Suite à l’injection du mélange de gaz issu de la centrale géothermique, une perte de transmissivité associée à un colmatage au niveau du puits d’injection a été observée dès juillet 2012. Pour remédier à ce problème, une opération de pompage à l’air comprimé a été menée en 2013. Des échantillons d’eau ont été collectés tout au long de cette opération de « débouchage » en s’assurant que ceux-ci étaient bien représentatifs des eaux de l’aquifère et non des eaux stagnant dans le puits d’injection. . Ils ont tout d’abord révélé la présence d’une eau chargée, d’aspect colloïdal, et la présence de nombreuses particules solides en suspension (Figure 2.3D). Puis, avec la continuité de l’échantillonnage, des précipités de minéraux noirs ont été observés, sédimentant dans une eau plus claire. Les observations au microscope électronique à balayage de ces particules minérales ont révélé la présence de sulfures de fer dans les microfractures et vésicules du basalte altéré, résultant potentiellement d’une précipitation abiotique suite à l’injection acidifiante du mélange de gaz CO2/ H2S / H2et à la dissolution du basalte, source de Fe2+ (Ménez et al. en préparation). A ces précipités sont associées des cellules microbiennes (Figure 2.3E). De premières analyses métagénomiques ont révélé une très nette dominance du genre Thiobacillus dans ces échantillons (Ménez et al. en préparation). Des oxydes de fer ont également été observés en périphérie des grains de basalte colonisés. Ces oxydes de fer pourraient provenir de l’oxydation biologique du Fe2+ libéré par altération biotique ou abiotique des sulfures de fer (Ménez et al. en préparation).

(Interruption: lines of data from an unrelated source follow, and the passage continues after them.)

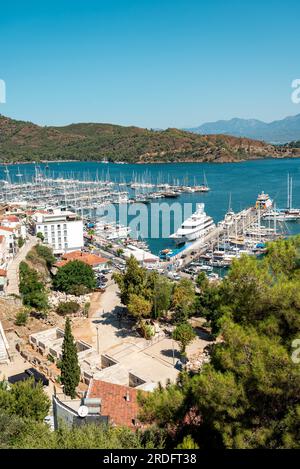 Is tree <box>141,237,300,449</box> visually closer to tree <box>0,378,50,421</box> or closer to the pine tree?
tree <box>0,378,50,421</box>

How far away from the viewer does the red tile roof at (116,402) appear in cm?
1018

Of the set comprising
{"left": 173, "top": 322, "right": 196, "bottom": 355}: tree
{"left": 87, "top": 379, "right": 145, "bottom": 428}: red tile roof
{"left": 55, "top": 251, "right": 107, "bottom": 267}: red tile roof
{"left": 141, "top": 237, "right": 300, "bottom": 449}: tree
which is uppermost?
{"left": 141, "top": 237, "right": 300, "bottom": 449}: tree

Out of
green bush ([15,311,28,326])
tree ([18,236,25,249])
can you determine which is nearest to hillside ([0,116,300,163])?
tree ([18,236,25,249])

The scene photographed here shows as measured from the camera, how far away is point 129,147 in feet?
446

Si les communautés microbiennes en subsurface peuvent avoir un effet non négligeable sur le développement de la technologie de stockage des gaz sous forme minérale, mesurer l’effet (positif ou négatif) de ces biotopes sur ces stockages n’est pas le propos de l’étude présentée dans ce manuscrit de thèse. Ici, nous nous sommes plutôt focalisés sur la

diversité métabolique et les groupes taxonomiques correspondant qui sont associés à l’altération du basalte induite par l’injection des gaz car cela permet d’approfondir nos connaissances sur le fonctionnement des écosystèmes profonds (Chapitre 7).